In a mixing bowl, cream butter, cream cheese and sugar. Add eggs, one at a time, beating well after each egg. Beat in vanilla. Add flour; mix well. Pour into a greased 15 in/ 10 in baking pan. Bake at 325 F for 30-35 minutes or until a toothpick inserted near the center comes out clean. (I use a 9 x 13 pan for a higher 1 layer cake. If you use the larger pan, you will probably need to make this recipe twice and make 2 layers.)

FeatherLight Mix

3 cups (4c) Rice Flour
3 cups (4c) Tapioca Flour
3 cups (4c) Cornstarch
3 Tbs. (4 Tbs.) Potato flour

I hope this helps you out. These are proven (can't tell it is GF) recipes in their form as typed. Changing the ingredients to meet their needs is a gamble at best, but at least you have a working base to start playing with.

GF cakes do better in smaller pans. When you put them in larger pans they tend to be flatter than normal.

These 2 cakes, the texture is good. If you have to do many more cakes, you have to realise that GF cakes tend to not have the same texture as wheat based cakes. They taste really good though! If you ever need any other help, let me know. I have more cake recipes and quick breads as well as cookies that might help you and this family out.


----------



## mudbug (Dec 30, 1999)

Educate yourself so you can educate them. There is plenty of information on cold sores and sugar. It's refined sugar and sugar products like glucose, fructose, etc. which contribute to cold sores just as much as stress and a weakened immune system. There is plenty of information on this online.

Sounds like you've got options to explore now, kudos to you for taking on the challenge.


----------



## aklap (May 29, 2006)

Hi Chefpeon,

That makes perfect sense! It's your reputation/business that you're presenting, you want it perfect! Very understandable.

Please know one thing from a gluten intolerant tastebud . What might taste like GF crap to you, more than likely will be heavenly to us! Our tasebuds and palates change. I can't remember what wheat tastes like anymore, I've been GF for 3 years. My wife [not GF] will taste the GF baked goodies she makes for me and say "Wow - this tastes pretty darn close to the wheat version I make" [In the GF world the goal is to replicate the taste & texture of glutened items]. When I taste it - there is a bitter undertone. Not unpleasant - just different.


----------



## aklap (May 29, 2006)

Well, I am exaggerating a tad bit. 

There's a world of difference between GF Baking and GF Cooking. Hence the reason I don't bake LOL!! Baking is way to precise for me!! I tell my wife that I haven't figured out how to run a measuring cup.  GF baking takes some time getting to know what works and what doesn't. Lord knows I've eaten my fair share of flops from my dear wifes attempts during the past 3 years. She has spoiled me rotten by converting all my non-GF favorites.

You are right to be concerned about safety when dealing with food allergens. But as I said...with a bit of knowledge and planning it's very doable.

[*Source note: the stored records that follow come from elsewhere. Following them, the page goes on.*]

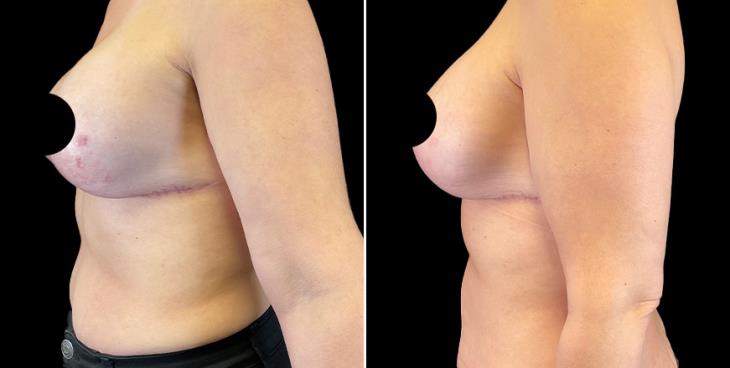 Breast Augmentation With Lift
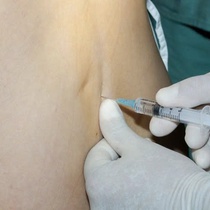 Những biến chứng có thể gặp sau gây tê tủy sống khi sinh mổ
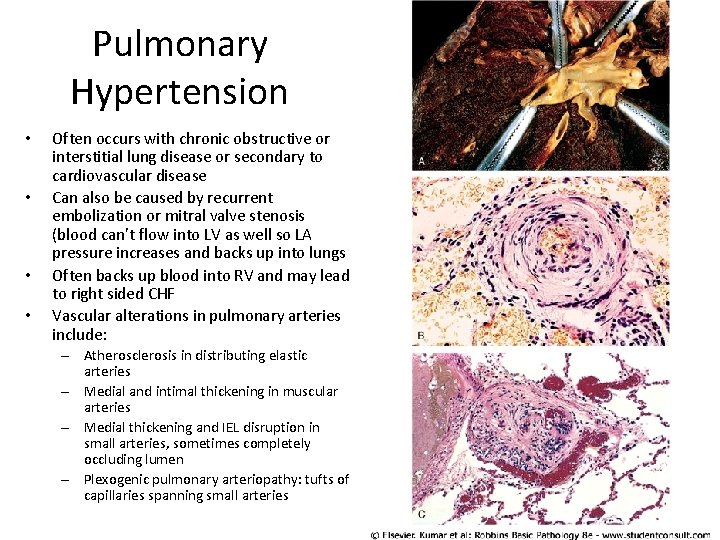 Pulmonary Hypertension • • Often occurs with chronic obstructive or interstitial lung disease or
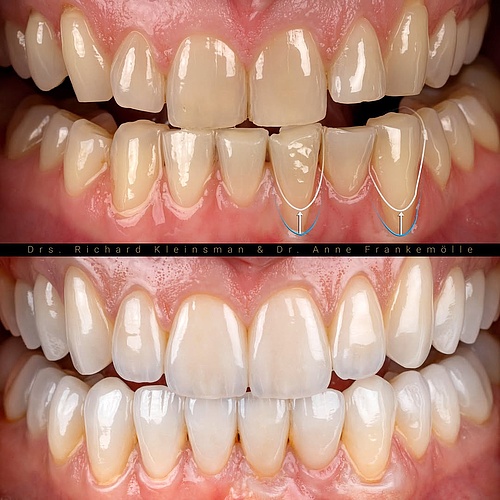 The art of a natural, powerful smile! A complete smile and facial enhancement with a minimally invasive approach –...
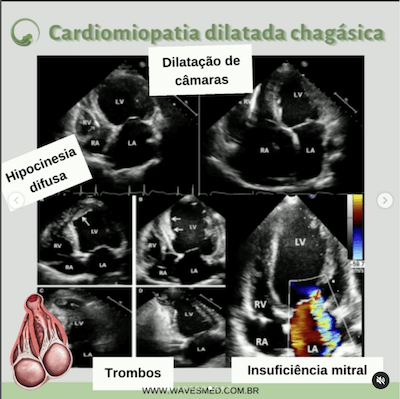 Dilatada câmaras ecocardiografia miocardiopatia chagásica wavesmed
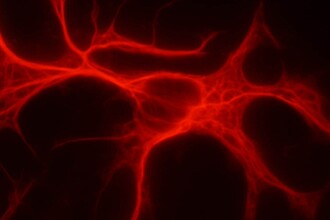 Рисперидон и заикание: как препарат воздействует на клетки мозга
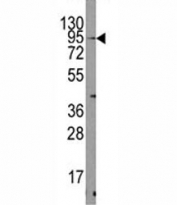 Western blot analysis of TRPV3 antibody and mouse heart tissue lysate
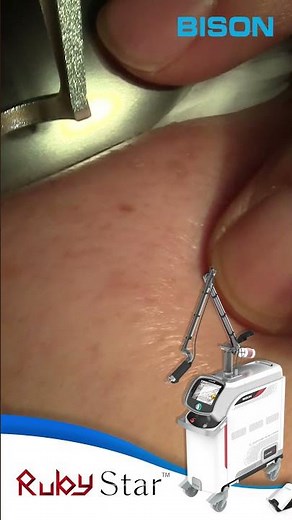 [BISON MEDICAL] RUBY STAR TREATMENT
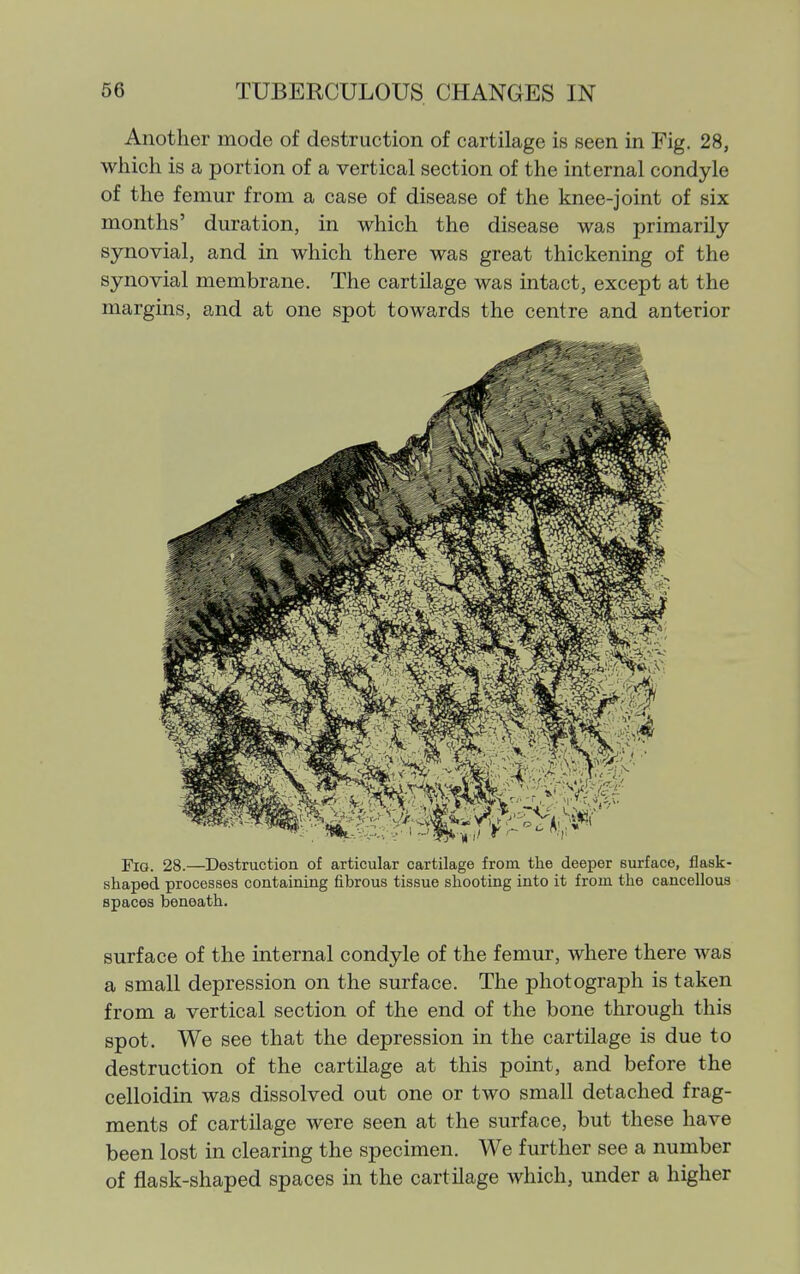 Another mode of destruction of cartilage is seen in Fig. 28, which is a portion of a vertical section of the internal condyle of the femur from a case of disease of the knee-joint of six months' duration, in which the disease was primarily synovial, and in which there was great thickening of the synovial membrane. The cartilage was intact, except at the margins, and at one spot towards the centre and anterior Fig. 28.—Destruction of articular cartilage from the deeper surface, flask- shaped processes containing fibrous tissue shooting into it from the cancellous spaces beneath. surface of the internal condyle of the femur, where there was a small depression on the surface. The photograph is taken from a vertical section of the end of the bone through this spot. We see that the depression in the cartilage is due to destruction of the cartilage at this point, and before the celloidin was dissolved out one or two small detached frag- ments of cartilage were seen at the surface, but these have been lost in clearing the specimen. We further see a number of flask-shaped spaces in the cartilage which, under a higher
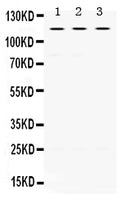 Anti-UNC5C Antibody Picoband®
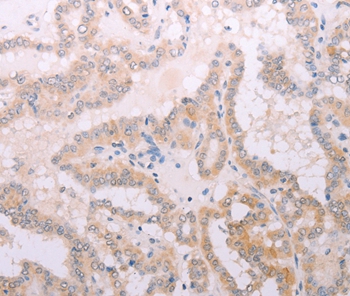 TPO Antibody[35966]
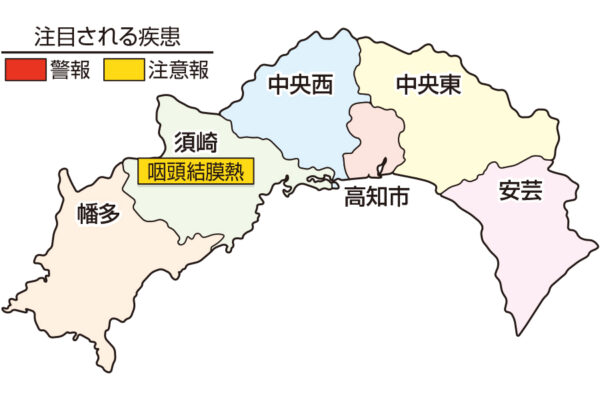 咽頭結膜熱が須崎で注意報です｜高知県の感染症情報（2025年5月5～11日）
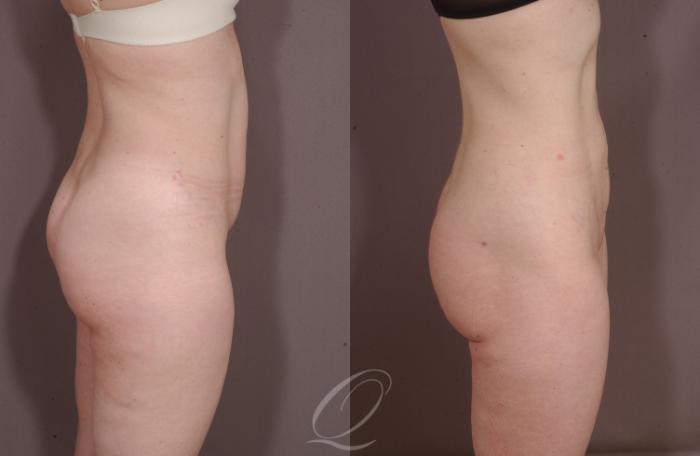 Liposuction Case 211 Before & After View #3 | Serving Rochester, Syracuse & Buffalo, NY | Quatela Center for Plastic Surgery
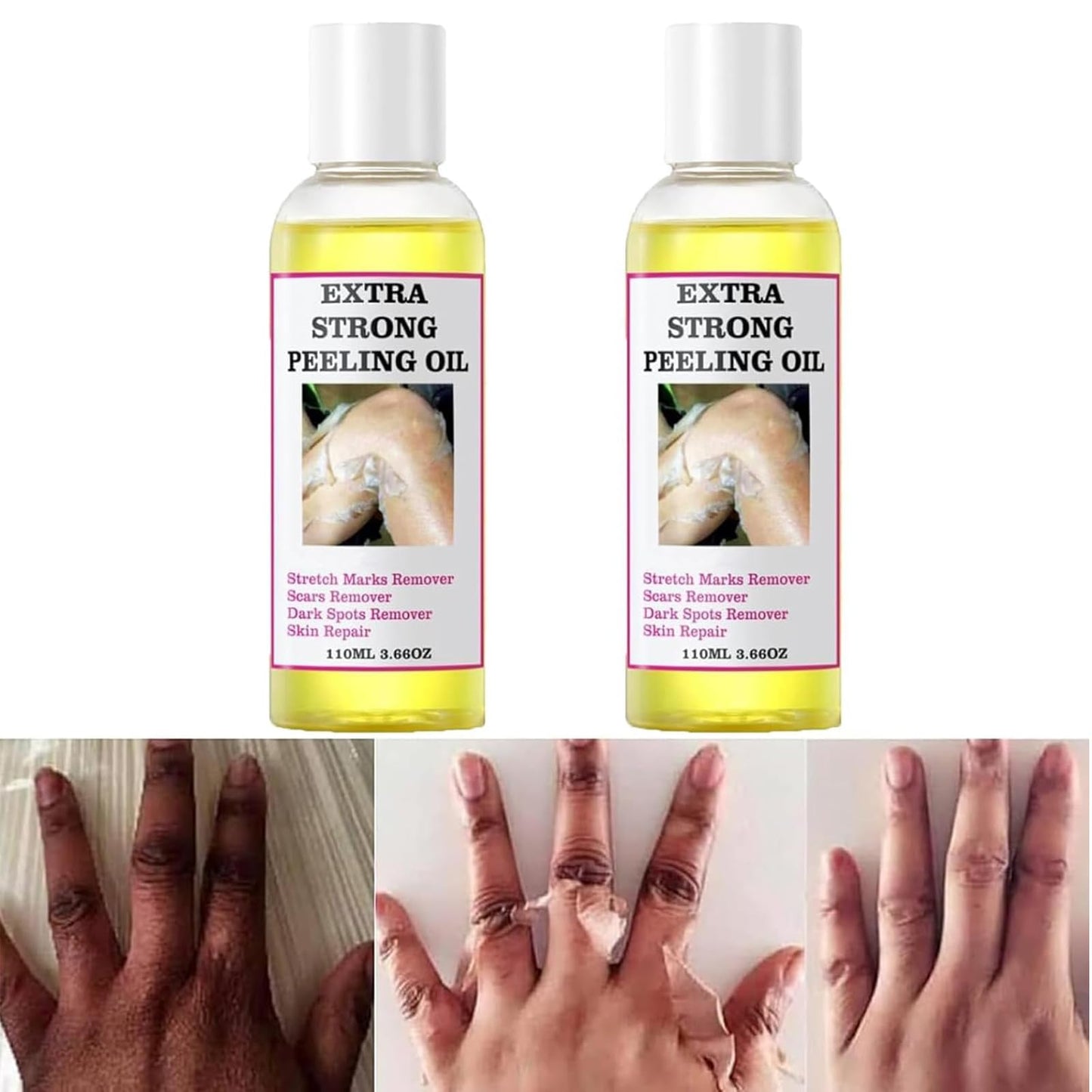 Yellow Peeling Oil for Dark Skin, Extra Strong Peeling Oil, Natural Formula Exfoliating Peels Solution for Face, Body, Hands and Foot Dead Skin Remover (220ML/7.76 OZ)
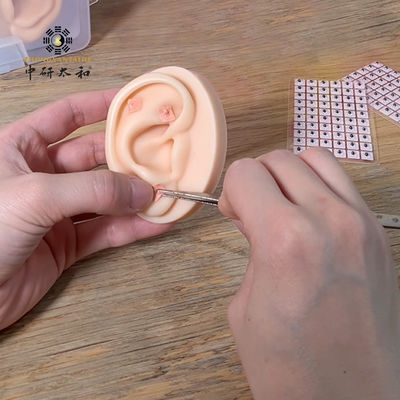 Biji Herbal Vaccaria Untuk Terapi Auricular Eksternal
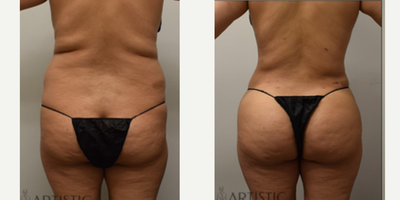 Brazilian Butt Lift - 500 cc Fat Transfer per buttock and liposculpting of the hips and waist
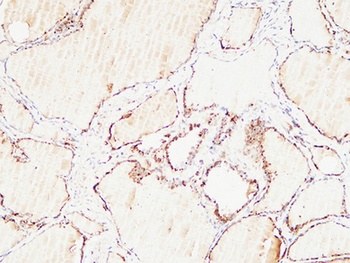 Thyroglobulin rabbit pAb Antibody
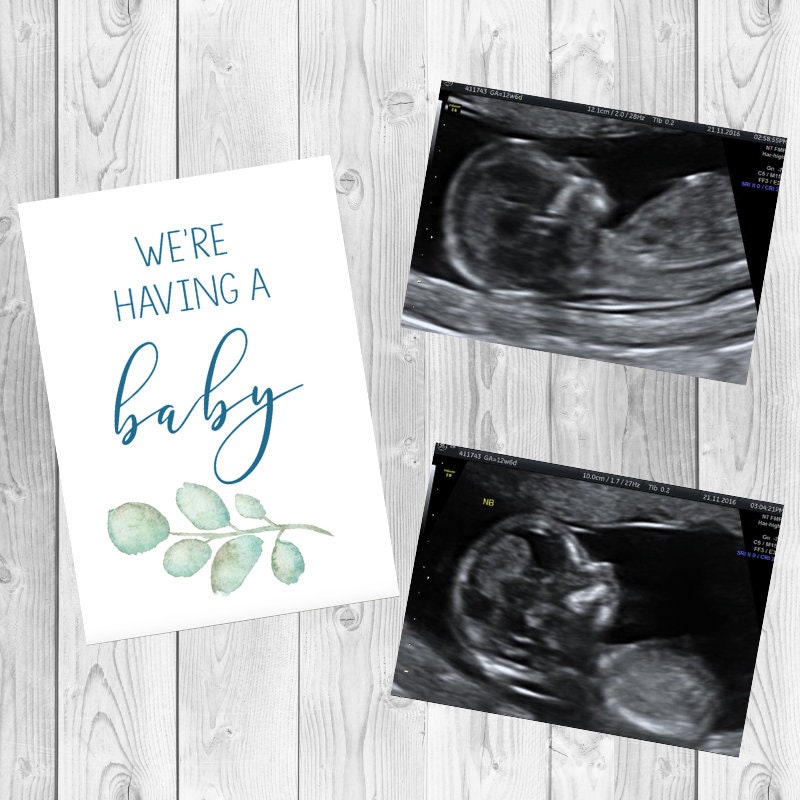 Floral Leafy Green Pregnancy Milestone Cards / Pregnancy Photo Etsy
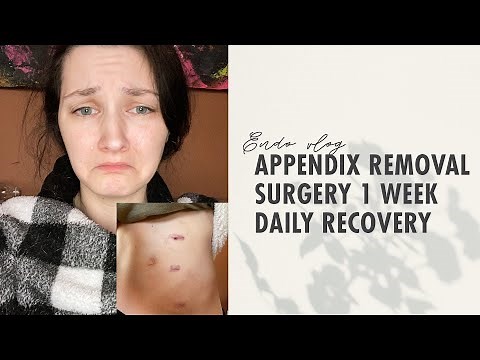 Appendix Removal Surgery 1 Week Daily Recovery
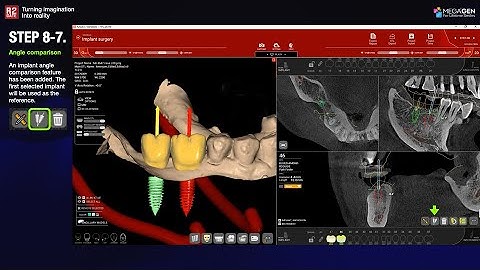 [EN] R2GATE Stand Alone update: Step. 8-7 Implant angle comparison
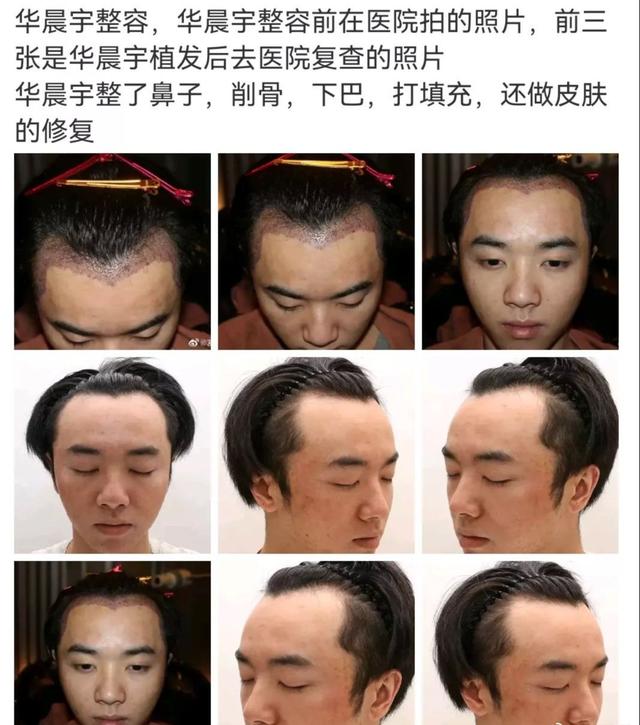 反转太快！全面梳理华晨宇事件始末，谈谈花花团队的公关能力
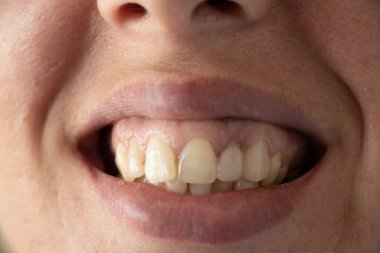 Genç bir kızın çarpık sarı dişleri, yakın plan, büyüyen dişleri, örneğin dişleri, ağzı, baklavaları.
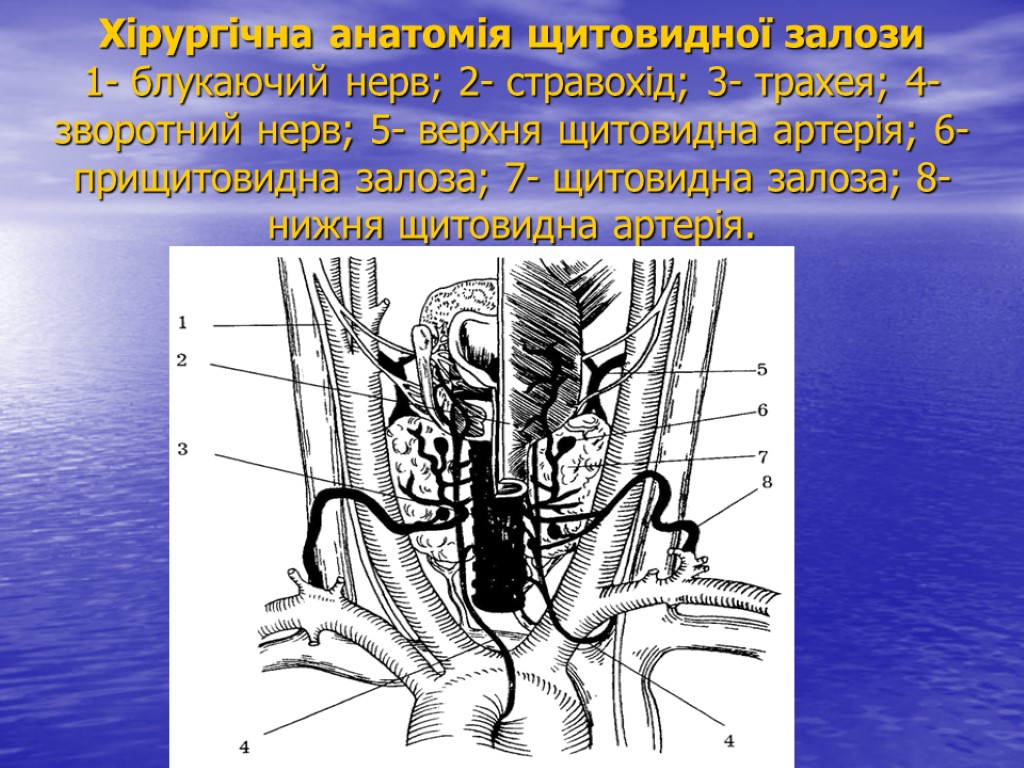 Хірургічна анатомія щитовидної залози 1- блукаючий нерв; 2- стравохід; 3- трахея; 4- зворотний нерв;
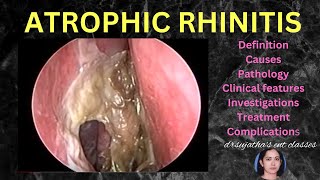 193Atrophic Rhinitis part 12 anatomylectures nose rhinitis anosmia smell [upl. by Meri]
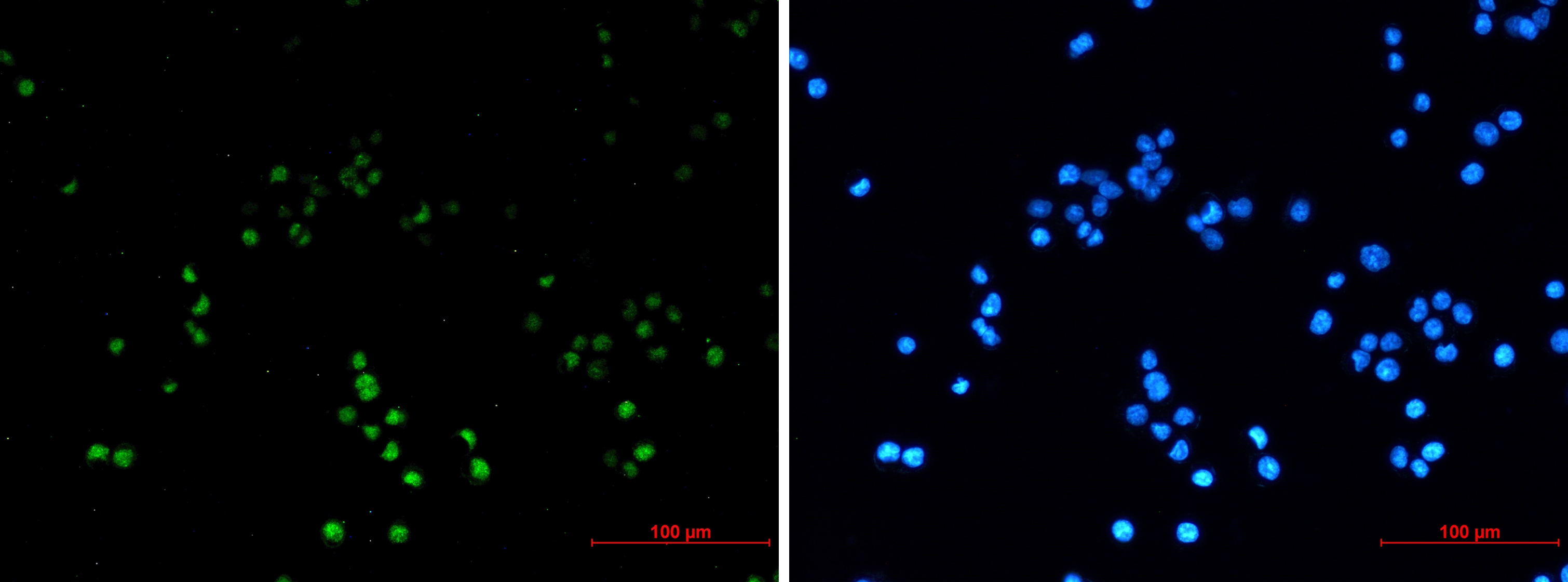 ZHX2 Rabbit mAb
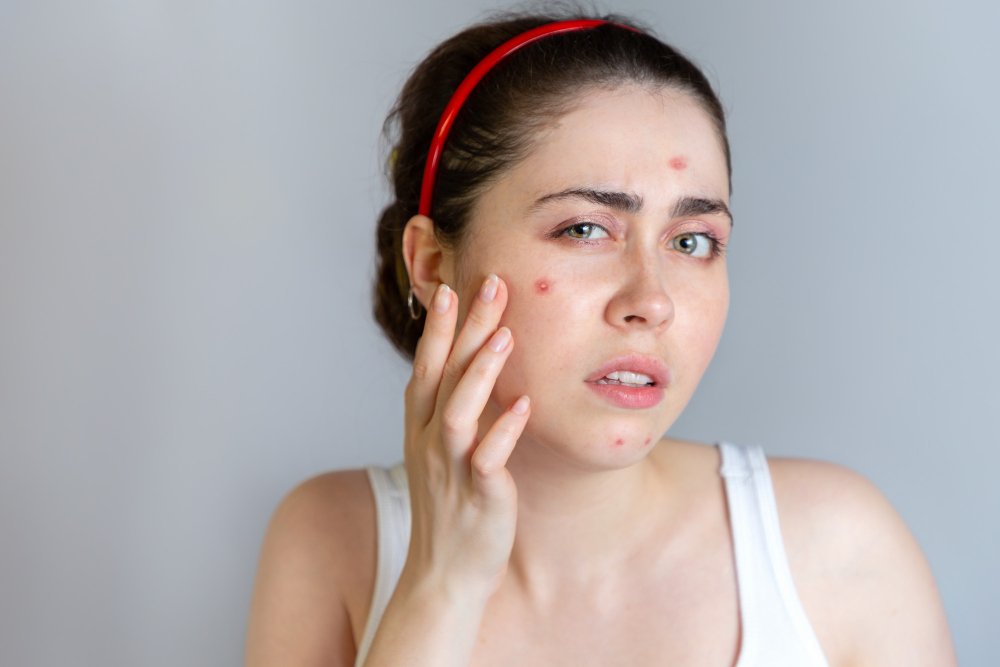 when will I see results after an acne scar treatment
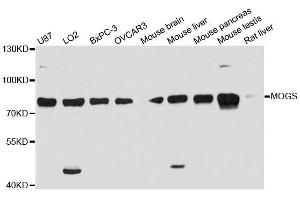 Western blot analysis of extracts of various cell lines, using MOGS antibody. (GCS1 antibody  (AA 60-320))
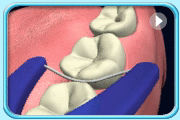 Animation continued from the previous motion showing the floss portion of the floss holder being wrapped around an adjacent tooth surface making a “C” shape in up and down motions.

I would venture to guess many of the dishes you [chefs] make from scratch are close to being GF or could easily be made GF. I've seen some of the recipes posted here. It's when processed foods are used that it tends to cause problems. It always best to verify the GF status of a food product with the manufacture. Many times gluten can be hidden in "Modified Food Starch" or "Natural Flavors", Caramel Color. One resource that is extremely helpful is Celiac.com's Safe & Forbidden Food Ingredient List. This lists various food ingredients and their status.

I do commend you for branching out into this. You will be hearing more about this in the near future. This is not just a fad diet like the Low Carb diets - this diet is for life. In reality, it's more than a diet - it's a lifestyle.

You asked about dining out and eating at friends houses. Yup - it's an issue. Hence we don't eat out that much. I always take food with me to family events or friend gatherings.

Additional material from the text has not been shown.